Ao contrário do que acontece noutros parceiros europeus, as finanças alemãs estão também em excelente forma. Dados revelados na quinta-feira mostraram que a dívida pública total – governos federal e estatal, autarquias locais e sistema de segurança social em conjunto - diminuiu no ano passado pela primeira vez depois da guerra. O orçamento do Governo para 2015 não inclui novas necessidades líquidas de financiamento pela primeira vez desde 1969. "Não parecemos estar à beira do precipício," disse Andreas Woergoetter, chefe do departamento económico da Organização para a Cooperação e o Desenvolvimento Económico (OCDE), com sede em Paris.
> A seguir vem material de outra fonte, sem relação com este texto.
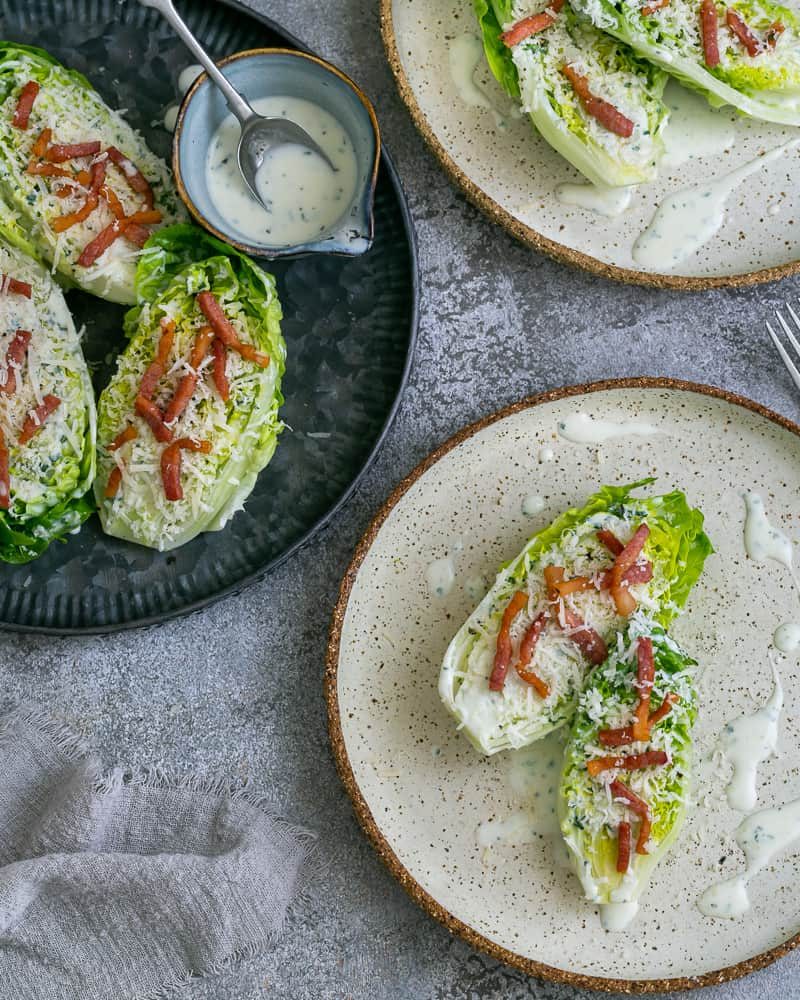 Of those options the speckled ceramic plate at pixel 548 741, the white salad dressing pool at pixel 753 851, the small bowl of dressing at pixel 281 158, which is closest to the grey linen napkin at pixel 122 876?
the speckled ceramic plate at pixel 548 741

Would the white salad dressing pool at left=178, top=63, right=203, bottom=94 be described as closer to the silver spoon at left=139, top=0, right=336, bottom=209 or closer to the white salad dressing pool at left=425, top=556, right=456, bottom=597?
the silver spoon at left=139, top=0, right=336, bottom=209

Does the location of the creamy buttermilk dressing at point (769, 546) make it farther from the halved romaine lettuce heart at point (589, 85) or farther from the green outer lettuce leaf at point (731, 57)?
the green outer lettuce leaf at point (731, 57)

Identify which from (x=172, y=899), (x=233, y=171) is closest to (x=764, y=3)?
(x=233, y=171)

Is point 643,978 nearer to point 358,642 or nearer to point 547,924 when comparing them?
point 547,924

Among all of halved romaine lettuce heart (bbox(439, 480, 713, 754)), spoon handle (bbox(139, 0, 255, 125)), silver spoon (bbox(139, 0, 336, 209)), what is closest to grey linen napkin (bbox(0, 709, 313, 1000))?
halved romaine lettuce heart (bbox(439, 480, 713, 754))

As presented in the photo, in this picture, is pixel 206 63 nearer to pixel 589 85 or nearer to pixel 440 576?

No entanto, economistas como, por exemplo, Fratzscher da DIW, crêem que a economia vai continuar a contrair no terceiro trimestre colocando a Alemanha em recessão, e aumentando as preocupações sobre uma recuperação europeia mais alargada. Woergoetter diz que seria loucura menosprezar o impacto a longo prazo do conflito com a Rússia que acredita poder ser muito maior do que os laços comerciais bilaterais – a Rússia apenas constitui 3% do total de exportações alemãs - poderiam fazer pensar. "Seja o que for que advenha desta crise há uma alteração das regras do jogo porque a cooperação económica entre a Alemanha e a Rússia ficou gravemente prejudicada," disse. "A Rússia era um mercado extremamente lucrativo. Era uma oportunidade de investimento insubstituível e neste momento os planos estratégicos de muitas empresas terão de ser repensados. Também isso vai contribuir para a incerteza na Alemanha".